Two months ago, the white ancestors who hovered over my features never crossed my mind. I couldn’t name one.
But that was about to change.
Suddenly, I wanted to hear the stories. I wanted to see the documents and learn what had happened to these people and what that said about me.
The morning before the reunion, I pulled up to Michael Morrow’s research office in the Black Bottom, three blocks from the Bibb House.
“I’m Lonnae O’Neal, my people are from Centralia, Illinois,” I said to Morrow by way of introduction. “My grandmother was Susie Bibb. Her father was Charlie Bibb.”
“Her father was Charles Smith Bibb,” Morrow said, correcting me. “And his mother was Pocahontas Wright.”
Morrow held the door open for me, but I needed a minute. I had never heard my great-grandfather’s full government name. Had never heard of my great-great-grandmother at all.
Morrow, 57, was raised on stories of Bibbtown. He had a speech impediment, so he hung around old people, who were less cruel and would let you listen as long as you sat still. He dropped out of college to care for his sick mother. He worked at a neighborhood food hall, did a little bootlegging and some such, but he remained fascinated by family histories and started keeping notes. People got word and started giving him their artifacts, and telling him their stories.
In a few keystrokes, he pulls up documents where my great-great-grandfather is listed as mulatto on the 1850 census in Russellville. In 1860, he’s listed as black. By 1870, John and Pocahontas lived in Centralia, where John and Pokey, as they called her, were listed as white, and they had a 6-year-old son who’d been born in Russellville, and a 2-year old daughter and an infant son who’d both been born in Illinois, as were the seven children who followed.
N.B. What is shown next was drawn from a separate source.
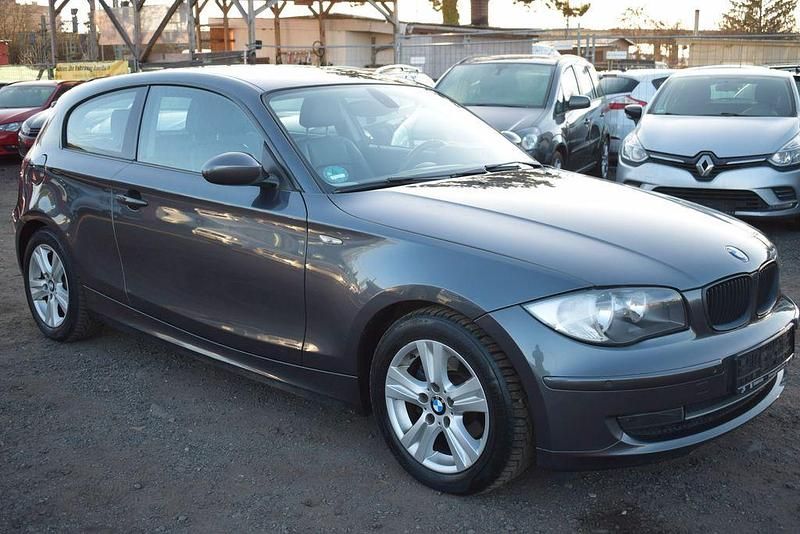 Gebraucht BMW 118 Advantage 143 PS (105 kW) 2007 Grau Kleinwagen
“Now let’s do one more thing. Let’s go to 1900,” Morrow said and showed me a census record for Charles Smith Bibb, 13, the first name where I know where I am. Then he shows me a later census with the names of my grandmother and her siblings as children. “The amazing thing is, we got the slave documents. We can prove this all the way back to slavery,” Morrow said. To a woman named Old Keziah. But the documents also leave some unanswered questions, including the identity of John Bibb’s father. Morrow has been putting the pieces together for decades, and he thinks there’s a good chance my great-great-grandfather John was the son of one of the white Bibbs.
It was too much life to hear about in one day. And we hadn’t even gotten to the reunion, which would start the following day. I closed my eyes and pictured Granny Kate, who I asked for strength.
“I think one of the reasons why African American people tend to stay away from this is because of the trauma,” Nicka Sewell-Smith, a genealogist and consultant for Ancestry.com, told me later. (Sewell-Smith also shared that her great-great-aunt Sarah was married to a different John Bibb.) People are getting killed because of race now, “and I’m going to introduce additional trauma, historical trauma, into my life?” she asked.
It’s a history that can’t be sanitized. “So we just move away from it because it’s painful and we don’t know what to expect, and we have to check our emotions,” she said. “You don’t want to lash out at someone who’s not involved just because you don’t know how to properly process, and a lot of our experience has been to just deal with it and push it down.”
Sewell-Smith reads part of Richard Bibb’s will, which frees those he’s enslaved on Jan. 1, 1840, nearly a year after he died. Some of those emancipated seemed to sell their land, but it’s hard to say since slavery was still law and some of those who’d been emancipated were re-enslaved. John Bigger Bibb moved to Frankfort, where he continued enslaving people as he perfected his lettuce. He had agents look after the land and the formerly enslaved, doling out piecemeal the $5,000 that Richard Bibb left them and not officially handing over the property until 1881.
“There was a monetary value placed on us, and because money was involved, people were going to document things,” she said. “There’s a tangibleness of slavery that you get when you can see the names of your people associated with these enslavers.” She was plainspoken, but I had a hard time following her. I think it was because I was unable to think of my ancestors as fungible. I kept attaching them to the names of my children, then viscerally resisting the thought. I eventually succumbed to the sadness of it all.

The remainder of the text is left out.